**REQUIRED WORK:** What do the lines from the one containing "6+R USB Simulator" through the end of the entries say? Quote them exactly, and only them.
+++ DATA SHOWN
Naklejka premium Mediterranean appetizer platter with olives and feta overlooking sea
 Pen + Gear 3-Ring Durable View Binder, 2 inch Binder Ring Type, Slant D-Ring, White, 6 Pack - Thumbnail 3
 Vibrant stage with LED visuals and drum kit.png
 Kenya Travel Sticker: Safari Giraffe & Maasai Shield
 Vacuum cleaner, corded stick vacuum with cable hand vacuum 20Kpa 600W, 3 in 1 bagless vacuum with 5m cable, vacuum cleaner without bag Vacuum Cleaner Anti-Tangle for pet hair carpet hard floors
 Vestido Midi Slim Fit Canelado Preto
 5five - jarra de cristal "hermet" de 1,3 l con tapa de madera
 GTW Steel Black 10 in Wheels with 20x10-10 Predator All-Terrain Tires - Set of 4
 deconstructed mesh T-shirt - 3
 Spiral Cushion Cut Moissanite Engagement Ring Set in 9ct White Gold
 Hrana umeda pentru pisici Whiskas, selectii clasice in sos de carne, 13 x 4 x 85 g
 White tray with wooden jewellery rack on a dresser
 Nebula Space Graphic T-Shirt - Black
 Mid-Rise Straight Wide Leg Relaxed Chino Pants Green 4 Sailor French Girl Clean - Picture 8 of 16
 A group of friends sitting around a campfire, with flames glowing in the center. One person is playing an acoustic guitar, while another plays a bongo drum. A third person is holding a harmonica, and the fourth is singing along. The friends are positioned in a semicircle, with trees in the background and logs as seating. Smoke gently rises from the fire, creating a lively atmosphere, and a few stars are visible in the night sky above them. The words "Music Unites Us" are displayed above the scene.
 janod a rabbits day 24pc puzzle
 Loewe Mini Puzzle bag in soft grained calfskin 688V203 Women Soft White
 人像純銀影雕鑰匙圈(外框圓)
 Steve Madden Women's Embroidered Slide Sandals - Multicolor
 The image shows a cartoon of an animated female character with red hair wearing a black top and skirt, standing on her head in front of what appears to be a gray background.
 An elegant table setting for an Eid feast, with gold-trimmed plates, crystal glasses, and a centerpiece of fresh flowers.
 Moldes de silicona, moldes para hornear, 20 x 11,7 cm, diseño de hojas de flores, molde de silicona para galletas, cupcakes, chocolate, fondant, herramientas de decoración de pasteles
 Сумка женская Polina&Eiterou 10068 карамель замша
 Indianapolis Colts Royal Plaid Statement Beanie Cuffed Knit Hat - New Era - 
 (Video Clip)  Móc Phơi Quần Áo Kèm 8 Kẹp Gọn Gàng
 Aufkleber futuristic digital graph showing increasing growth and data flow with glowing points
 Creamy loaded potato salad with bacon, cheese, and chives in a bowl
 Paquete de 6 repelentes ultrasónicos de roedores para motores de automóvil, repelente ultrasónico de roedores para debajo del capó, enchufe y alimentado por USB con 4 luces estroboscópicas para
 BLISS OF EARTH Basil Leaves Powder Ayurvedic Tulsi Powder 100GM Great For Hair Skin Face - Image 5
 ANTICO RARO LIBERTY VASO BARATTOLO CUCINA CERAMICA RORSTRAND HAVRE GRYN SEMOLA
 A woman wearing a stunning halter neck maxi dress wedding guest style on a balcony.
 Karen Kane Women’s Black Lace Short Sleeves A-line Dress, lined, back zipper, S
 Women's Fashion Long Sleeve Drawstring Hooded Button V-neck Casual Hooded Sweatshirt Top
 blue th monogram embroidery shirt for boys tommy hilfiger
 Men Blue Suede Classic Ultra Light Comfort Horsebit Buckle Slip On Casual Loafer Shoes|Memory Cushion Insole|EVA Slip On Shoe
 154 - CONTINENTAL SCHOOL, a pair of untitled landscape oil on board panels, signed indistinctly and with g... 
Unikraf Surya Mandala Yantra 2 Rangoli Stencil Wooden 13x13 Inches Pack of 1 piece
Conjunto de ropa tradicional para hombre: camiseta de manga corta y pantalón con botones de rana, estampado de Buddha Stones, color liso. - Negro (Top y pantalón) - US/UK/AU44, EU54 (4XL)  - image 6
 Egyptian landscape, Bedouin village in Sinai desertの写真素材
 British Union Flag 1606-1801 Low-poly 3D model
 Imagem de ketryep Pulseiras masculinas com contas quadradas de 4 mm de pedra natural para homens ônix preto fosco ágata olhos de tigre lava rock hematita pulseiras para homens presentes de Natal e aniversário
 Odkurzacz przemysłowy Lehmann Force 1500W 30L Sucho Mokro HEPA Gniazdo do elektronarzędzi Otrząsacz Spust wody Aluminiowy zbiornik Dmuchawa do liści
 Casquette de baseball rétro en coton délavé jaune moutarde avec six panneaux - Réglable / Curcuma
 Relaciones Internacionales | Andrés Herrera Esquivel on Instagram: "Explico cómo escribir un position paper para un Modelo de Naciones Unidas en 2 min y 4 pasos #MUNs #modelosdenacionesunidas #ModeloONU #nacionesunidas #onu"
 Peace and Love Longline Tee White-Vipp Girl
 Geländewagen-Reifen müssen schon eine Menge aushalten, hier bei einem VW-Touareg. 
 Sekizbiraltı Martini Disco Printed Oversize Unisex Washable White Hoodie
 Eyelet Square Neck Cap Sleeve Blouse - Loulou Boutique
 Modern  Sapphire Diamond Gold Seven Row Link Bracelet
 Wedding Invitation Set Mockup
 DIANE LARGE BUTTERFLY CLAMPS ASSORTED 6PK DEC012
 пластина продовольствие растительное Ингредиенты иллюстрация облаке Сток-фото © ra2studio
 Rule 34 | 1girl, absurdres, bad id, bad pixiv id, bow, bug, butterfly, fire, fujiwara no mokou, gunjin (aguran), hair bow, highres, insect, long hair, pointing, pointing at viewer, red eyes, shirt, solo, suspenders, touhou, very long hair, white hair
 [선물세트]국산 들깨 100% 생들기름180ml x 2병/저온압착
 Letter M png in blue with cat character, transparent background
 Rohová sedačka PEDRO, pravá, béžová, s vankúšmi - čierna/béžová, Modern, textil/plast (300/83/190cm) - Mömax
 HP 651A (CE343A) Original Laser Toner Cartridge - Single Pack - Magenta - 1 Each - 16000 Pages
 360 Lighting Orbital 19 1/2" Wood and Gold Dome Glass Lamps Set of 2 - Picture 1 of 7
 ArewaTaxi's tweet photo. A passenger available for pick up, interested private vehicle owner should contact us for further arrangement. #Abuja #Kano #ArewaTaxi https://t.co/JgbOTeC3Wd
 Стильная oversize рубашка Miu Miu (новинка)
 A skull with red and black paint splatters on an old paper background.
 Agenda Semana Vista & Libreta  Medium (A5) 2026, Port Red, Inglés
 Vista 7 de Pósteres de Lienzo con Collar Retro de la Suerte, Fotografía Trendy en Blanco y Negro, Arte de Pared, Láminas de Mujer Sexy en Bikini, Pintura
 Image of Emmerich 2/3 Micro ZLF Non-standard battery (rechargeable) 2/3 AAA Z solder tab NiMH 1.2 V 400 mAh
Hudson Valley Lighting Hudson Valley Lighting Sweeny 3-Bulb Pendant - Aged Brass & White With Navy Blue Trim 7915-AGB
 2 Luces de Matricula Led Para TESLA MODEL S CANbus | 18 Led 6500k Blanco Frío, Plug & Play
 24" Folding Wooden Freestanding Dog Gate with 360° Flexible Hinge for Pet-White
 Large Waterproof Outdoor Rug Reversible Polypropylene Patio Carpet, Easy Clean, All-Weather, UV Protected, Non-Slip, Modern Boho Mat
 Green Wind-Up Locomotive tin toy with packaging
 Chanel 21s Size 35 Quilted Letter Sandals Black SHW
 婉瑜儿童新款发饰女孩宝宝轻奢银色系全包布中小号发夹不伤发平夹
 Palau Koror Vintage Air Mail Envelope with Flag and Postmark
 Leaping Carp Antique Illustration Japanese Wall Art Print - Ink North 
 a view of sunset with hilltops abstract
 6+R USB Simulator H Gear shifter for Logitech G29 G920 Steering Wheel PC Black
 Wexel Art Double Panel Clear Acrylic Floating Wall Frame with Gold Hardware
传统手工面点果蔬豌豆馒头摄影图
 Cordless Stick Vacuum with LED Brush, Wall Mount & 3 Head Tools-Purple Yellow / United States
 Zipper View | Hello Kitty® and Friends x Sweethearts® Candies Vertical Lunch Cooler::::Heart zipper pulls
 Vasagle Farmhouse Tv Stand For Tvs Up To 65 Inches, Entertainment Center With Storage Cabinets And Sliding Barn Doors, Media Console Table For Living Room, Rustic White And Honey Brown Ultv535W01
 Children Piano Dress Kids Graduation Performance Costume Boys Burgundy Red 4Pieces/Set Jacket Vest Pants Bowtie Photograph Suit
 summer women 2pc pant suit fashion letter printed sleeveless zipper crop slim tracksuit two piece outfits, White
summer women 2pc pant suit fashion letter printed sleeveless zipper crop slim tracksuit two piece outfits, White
++++++
**RESPONSE BOX:**
 6+R USB Simulator H Gear shifter for Logitech G29 G920 Steering Wheel PC Black
 Wexel Art Double Panel Clear Acrylic Floating Wall Frame with Gold Hardware
传统手工面点果蔬豌豆馒头摄影图
 Cordless Stick Vacuum with LED Brush, Wall Mount & 3 Head Tools-Purple Yellow / United States
 Zipper View | Hello Kitty® and Friends x Sweethearts® Candies Vertical Lunch Cooler::::Heart zipper pulls
 Vasagle Farmhouse Tv Stand For Tvs Up To 65 Inches, Entertainment Center With Storage Cabinets And Sliding Barn Doors, Media Console Table For Living Room, Rustic White And Honey Brown Ultv535W01
 Children Piano Dress Kids Graduation Performance Costume Boys Burgundy Red 4Pieces/Set Jacket Vest Pants Bowtie Photograph Suit
 summer women 2pc pant suit fashion letter printed sleeveless zipper crop slim tracksuit two piece outfits, White
summer women 2pc pant suit fashion letter printed sleeveless zipper crop slim tracksuit two piece outfits, White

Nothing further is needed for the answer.